Antes de seguir quiero contarles brevemente como ha sido mi experiencia operativa. Aclaro, nuestro objetivo es meramente académico.

Ahora bien, la fórmula de cómo hemos logrado el trabajo local de ciberactivismo, va desde tener claro el objetivo o compaña de lucha, hasta formar y estructurar a los activistas por colectivo, por ejemplo, donde, a través de talleres de uso adecuado de los medios digitales, se crean conciencia sobre la necesidad de aprovechar estos espectros comunicacionales.

Las convocatorios y el guion del mensajes relacionado con cada campaña, bien sea para acciones de calle, asistencia a concentraciones y otros activismos, deben ser elaborados por profesionales de la comunicación y un equipo de social media especializados quienes construye los formatos digitales que van a ser distribuidos y difundidos en las distintas estructuras activistas que conformaban la causa, esto incluye aldeas de “bot” para posicionar la lucha o convocatoria, e inclusive motivar a los activista a que presten sus perfiles en redes sociales. De igual modo, las acciones de calle o denuncias colectivas deben ser evaluadas, para determinas tendencias para continuar construyendo material social media para impulsar y continuar la lucha colectiva. Aclaro, este ejemplo de cibeactivismo, es netamente orgánico.

En fin, sucede que para que exista un ciberactivismo, debe estar presente, el colectivo, los activistas digítale, medio o la herramienta, el mensaje y una población segmentada o geolocalizada motiva a luchar por una causa en común. 

Quiero aclara que no soy gurú del tema, pero si he podido participar y coordinar algunas acciones sociales, políticas y ambientales relacionas con este tema.

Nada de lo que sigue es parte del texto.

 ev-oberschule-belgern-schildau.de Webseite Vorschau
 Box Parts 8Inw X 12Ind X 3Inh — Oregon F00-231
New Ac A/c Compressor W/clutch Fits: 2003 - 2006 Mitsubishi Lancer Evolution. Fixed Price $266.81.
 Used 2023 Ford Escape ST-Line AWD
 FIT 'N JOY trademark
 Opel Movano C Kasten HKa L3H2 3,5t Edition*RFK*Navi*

Ahora bien, sin quererme extender, les cuento que históricamente el ciberactivismos se ha visto involucrado en distintos sectores, en los cuales cada uno de nosotros lo ha vivido, y por qué no, participado sin querer o sin saber.

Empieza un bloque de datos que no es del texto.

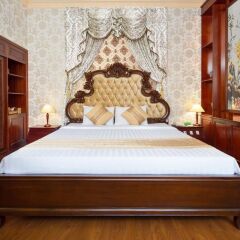 Victory Saigon Hotel 3* Номер Делюкс с различными типами кроватей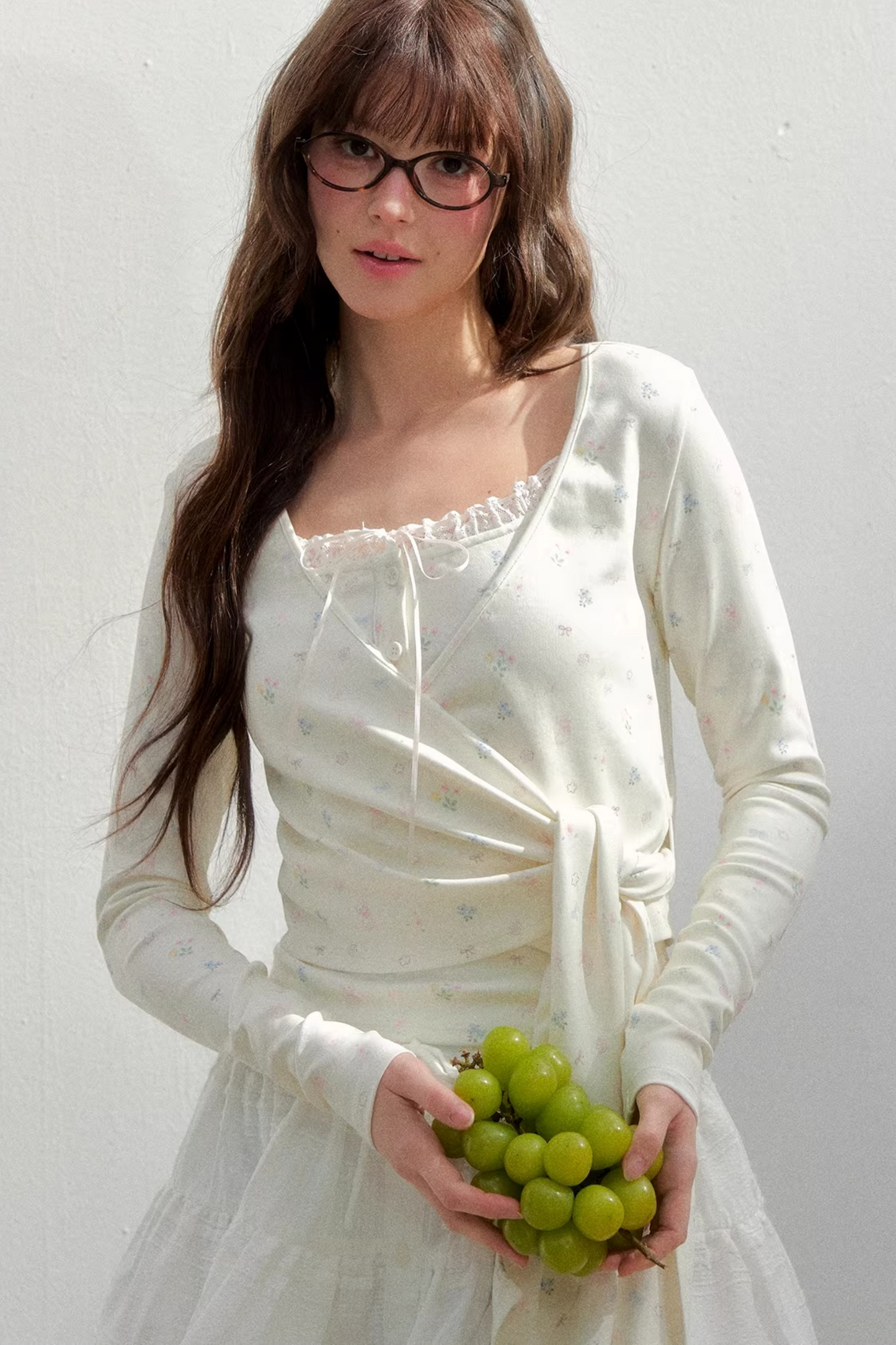 Oxygen Spring Camisole Set-Up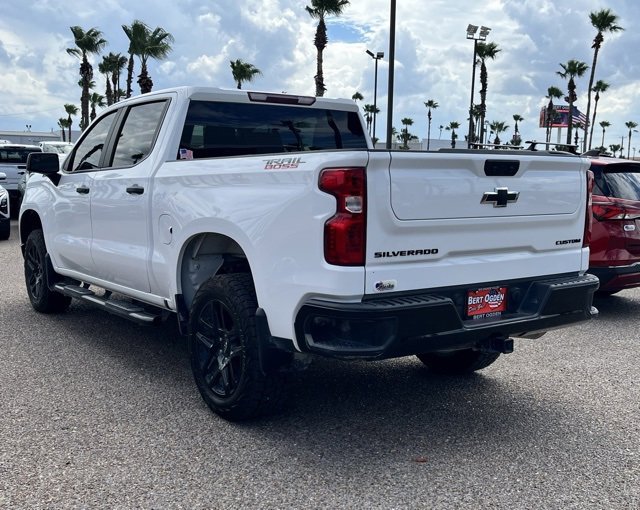 2023 Chevrolet Silverado 1500 Custom Trail Boss photo 5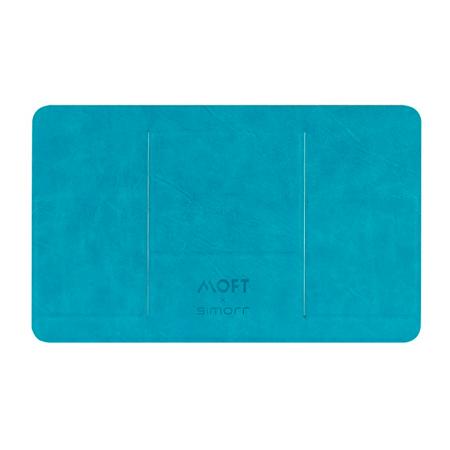 SmallRig simorr Adhesive Laptop Stand, Magic Blue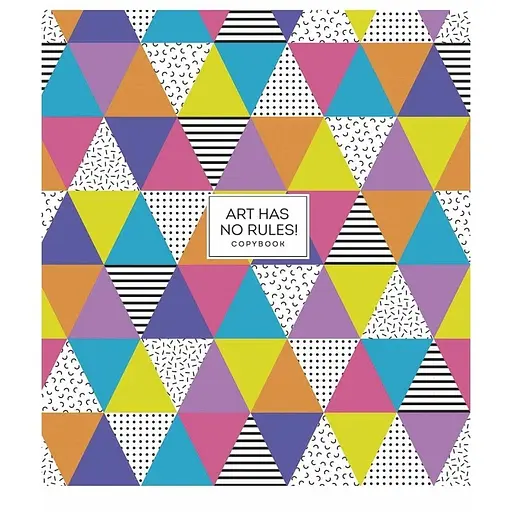 Зошит учнівський "Arthouse" 060-3313L-2 у лінію, 60 аркушів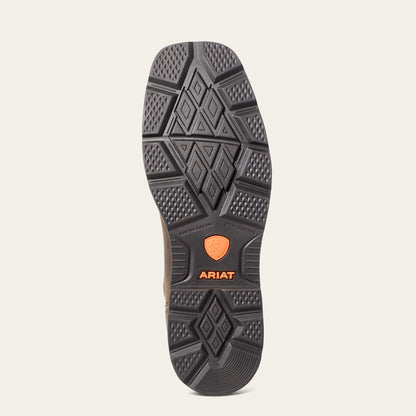 Groundwork Waterproof Steel Toe Work Boot Men | Ariat discount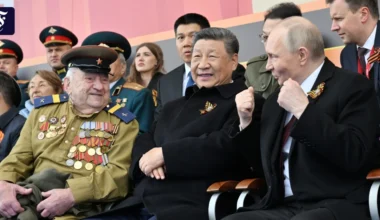 Peking hilft Putin:China kritisiert Wadephul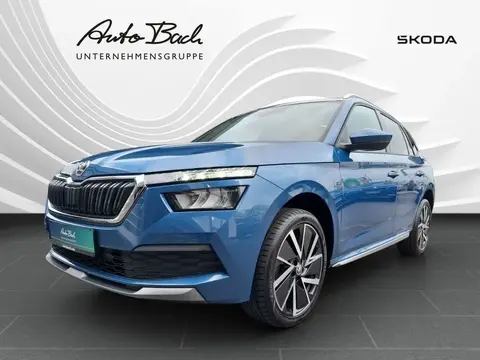 Used SKODA KAMIQ Petrol 2020 Ad 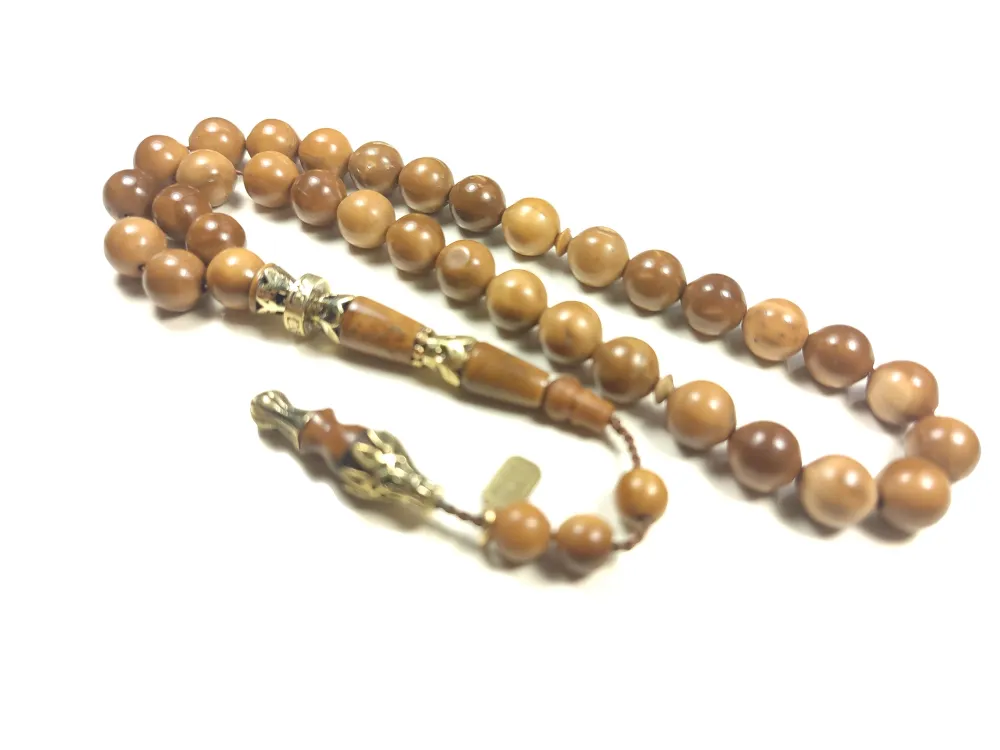 Hali̇l Hi̇lmi̇ İmzalı Gümüş Nakkaş Naturel Kuka küçük resim 2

Quizás, el sector político tiene una mayor connotación, así como los reclamos colectivos por derechos sociales, causas como la xenofobia, discriminación, el maltrato humano o animal, han sido iconos mundiales, que han permitido una participación sin límites de fronteras.

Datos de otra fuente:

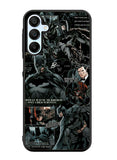Comic Batman Samsung Galaxy A15 5G Case OV10918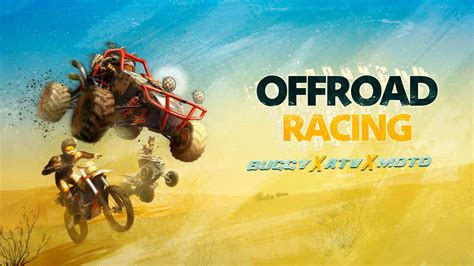 Offroad Racing - Buggy X ATV X Moto for Nintendo Switch - Nintendo ...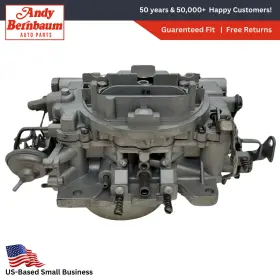 3512831 Mopar 1970-71 Plymouth Fury Dodge Polara Chrysler 440 V8 Avs Carburetor 4966s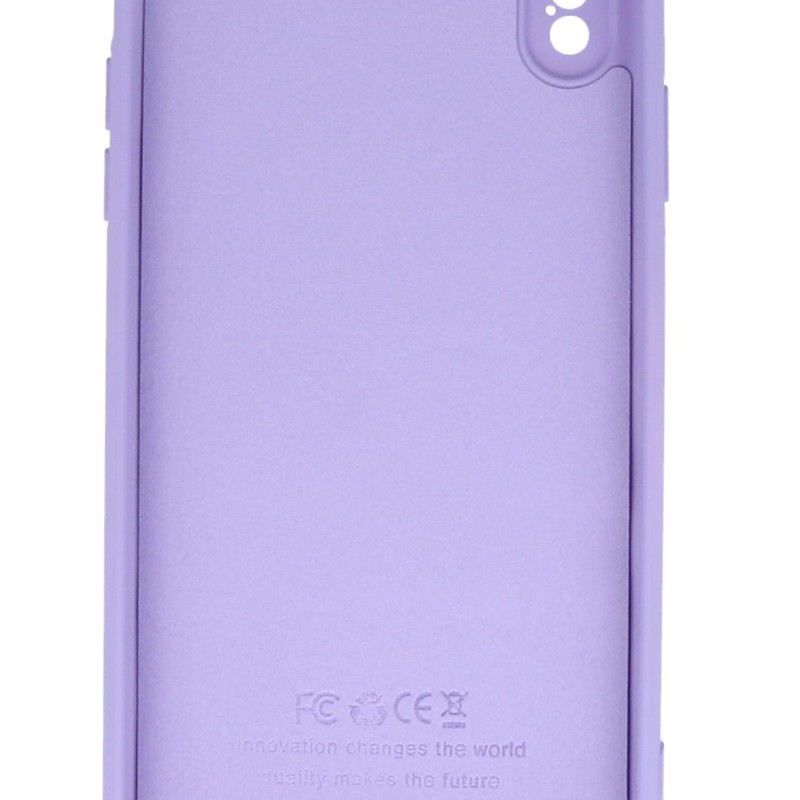 Back Cover Θήκη Silicone Case (Iphone Xs Max)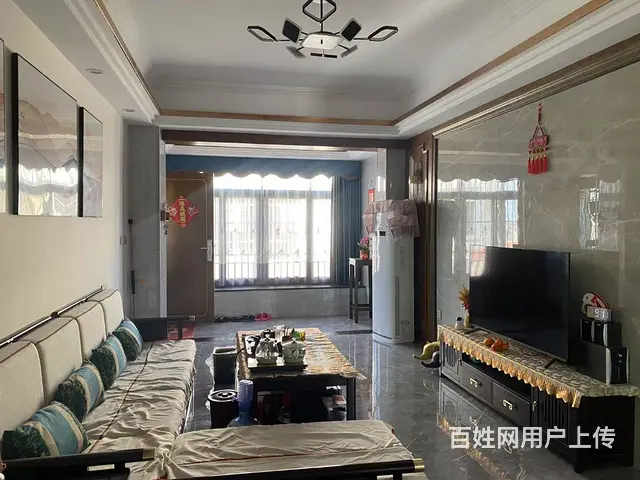 锡场镇锡中集资商品楼 普通住宅 精装修 - 图片 1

Claro está, quizás el ciberactivismo, como herramienta cívica, ha sido de alguna manera un golpe con acciones contundentes a gobiernos locales, lo que ha traído como consecuencias bloqueos u otros tipos de repercusiones, pero es un tema que no quiero considerar en este momento. Lo cierto, es que el ciberactivismo local, bien estructurado, bien interconectado con la gente y con los medios digitales puede llegar ejercer un poder decisorio para acciones de un colectivo comprometido con la verdad, justicia, equidad, igualdad y la vida.